» Required action: Give back exactly the stretch of data below from the line holding "卡***卡纯白咖啡勺30个骨质瓷" through the line holding "slide 2 of 3, Vera", both ends included, and leave the remaining lines out.

» Data provided:

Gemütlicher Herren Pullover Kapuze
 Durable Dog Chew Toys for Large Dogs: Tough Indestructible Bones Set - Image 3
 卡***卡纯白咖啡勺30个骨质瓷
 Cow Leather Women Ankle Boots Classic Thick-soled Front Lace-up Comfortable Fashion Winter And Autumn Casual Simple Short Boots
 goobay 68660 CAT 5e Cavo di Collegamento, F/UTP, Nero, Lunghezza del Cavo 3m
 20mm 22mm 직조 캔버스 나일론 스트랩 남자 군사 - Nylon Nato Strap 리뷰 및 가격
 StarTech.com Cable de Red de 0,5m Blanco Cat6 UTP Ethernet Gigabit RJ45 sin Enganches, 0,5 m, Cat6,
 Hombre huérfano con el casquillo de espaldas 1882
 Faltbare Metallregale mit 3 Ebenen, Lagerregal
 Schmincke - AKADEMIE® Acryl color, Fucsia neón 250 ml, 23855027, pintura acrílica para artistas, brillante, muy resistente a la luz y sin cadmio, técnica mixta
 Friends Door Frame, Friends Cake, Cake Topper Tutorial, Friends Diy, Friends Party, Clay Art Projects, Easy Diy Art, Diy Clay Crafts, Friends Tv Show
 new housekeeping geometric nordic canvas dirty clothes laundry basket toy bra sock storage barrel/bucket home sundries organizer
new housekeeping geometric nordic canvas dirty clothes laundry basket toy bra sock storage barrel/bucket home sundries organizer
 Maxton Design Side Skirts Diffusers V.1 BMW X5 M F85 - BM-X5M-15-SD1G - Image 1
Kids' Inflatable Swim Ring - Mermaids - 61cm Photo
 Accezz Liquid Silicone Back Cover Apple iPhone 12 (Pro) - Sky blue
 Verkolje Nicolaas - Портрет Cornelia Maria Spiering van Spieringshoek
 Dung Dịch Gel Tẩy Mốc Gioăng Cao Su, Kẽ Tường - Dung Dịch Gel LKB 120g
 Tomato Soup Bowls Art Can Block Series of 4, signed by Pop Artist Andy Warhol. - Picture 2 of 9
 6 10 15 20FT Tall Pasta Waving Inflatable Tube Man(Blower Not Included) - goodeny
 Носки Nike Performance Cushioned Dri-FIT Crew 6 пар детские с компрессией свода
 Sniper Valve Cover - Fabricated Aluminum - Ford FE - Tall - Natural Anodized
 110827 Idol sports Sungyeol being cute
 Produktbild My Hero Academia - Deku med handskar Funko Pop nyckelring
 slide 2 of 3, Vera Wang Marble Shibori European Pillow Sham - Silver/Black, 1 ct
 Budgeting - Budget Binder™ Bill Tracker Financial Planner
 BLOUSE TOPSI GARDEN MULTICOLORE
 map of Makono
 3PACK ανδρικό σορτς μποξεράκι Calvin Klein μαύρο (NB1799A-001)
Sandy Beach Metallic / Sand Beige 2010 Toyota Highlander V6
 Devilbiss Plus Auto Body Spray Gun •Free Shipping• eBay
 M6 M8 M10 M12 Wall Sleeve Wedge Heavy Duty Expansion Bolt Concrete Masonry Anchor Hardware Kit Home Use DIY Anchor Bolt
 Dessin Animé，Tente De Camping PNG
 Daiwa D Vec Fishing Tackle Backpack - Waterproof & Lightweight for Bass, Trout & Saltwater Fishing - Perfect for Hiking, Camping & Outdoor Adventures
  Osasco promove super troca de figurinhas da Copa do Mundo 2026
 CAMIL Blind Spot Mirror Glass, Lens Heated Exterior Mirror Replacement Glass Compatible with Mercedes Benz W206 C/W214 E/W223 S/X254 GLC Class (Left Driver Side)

» Written reply:
 卡***卡纯白咖啡勺30个骨质瓷
 Cow Leather Women Ankle Boots Classic Thick-soled Front Lace-up Comfortable Fashion Winter And Autumn Casual Simple Short Boots
 goobay 68660 CAT 5e Cavo di Collegamento, F/UTP, Nero, Lunghezza del Cavo 3m
 20mm 22mm 직조 캔버스 나일론 스트랩 남자 군사 - Nylon Nato Strap 리뷰 및 가격
 StarTech.com Cable de Red de 0,5m Blanco Cat6 UTP Ethernet Gigabit RJ45 sin Enganches, 0,5 m, Cat6,
 Hombre huérfano con el casquillo de espaldas 1882
 Faltbare Metallregale mit 3 Ebenen, Lagerregal
 Schmincke - AKADEMIE® Acryl color, Fucsia neón 250 ml, 23855027, pintura acrílica para artistas, brillante, muy resistente a la luz y sin cadmio, técnica mixta
 Friends Door Frame, Friends Cake, Cake Topper Tutorial, Friends Diy, Friends Party, Clay Art Projects, Easy Diy Art, Diy Clay Crafts, Friends Tv Show
 new housekeeping geometric nordic canvas dirty clothes laundry basket toy bra sock storage barrel/bucket home sundries organizer
new housekeeping geometric nordic canvas dirty clothes laundry basket toy bra sock storage barrel/bucket home sundries organizer
 Maxton Design Side Skirts Diffusers V.1 BMW X5 M F85 - BM-X5M-15-SD1G - Image 1
Kids' Inflatable Swim Ring - Mermaids - 61cm Photo
 Accezz Liquid Silicone Back Cover Apple iPhone 12 (Pro) - Sky blue
 Verkolje Nicolaas - Портрет Cornelia Maria Spiering van Spieringshoek
 Dung Dịch Gel Tẩy Mốc Gioăng Cao Su, Kẽ Tường - Dung Dịch Gel LKB 120g
 Tomato Soup Bowls Art Can Block Series of 4, signed by Pop Artist Andy Warhol. - Picture 2 of 9
 6 10 15 20FT Tall Pasta Waving Inflatable Tube Man(Blower Not Included) - goodeny
 Носки Nike Performance Cushioned Dri-FIT Crew 6 пар детские с компрессией свода
 Sniper Valve Cover - Fabricated Aluminum - Ford FE - Tall - Natural Anodized
 110827 Idol sports Sungyeol being cute
 Produktbild My Hero Academia - Deku med handskar Funko Pop nyckelring
 slide 2 of 3, Vera Wang Marble Shibori European Pillow Sham - Silver/Black, 1 ct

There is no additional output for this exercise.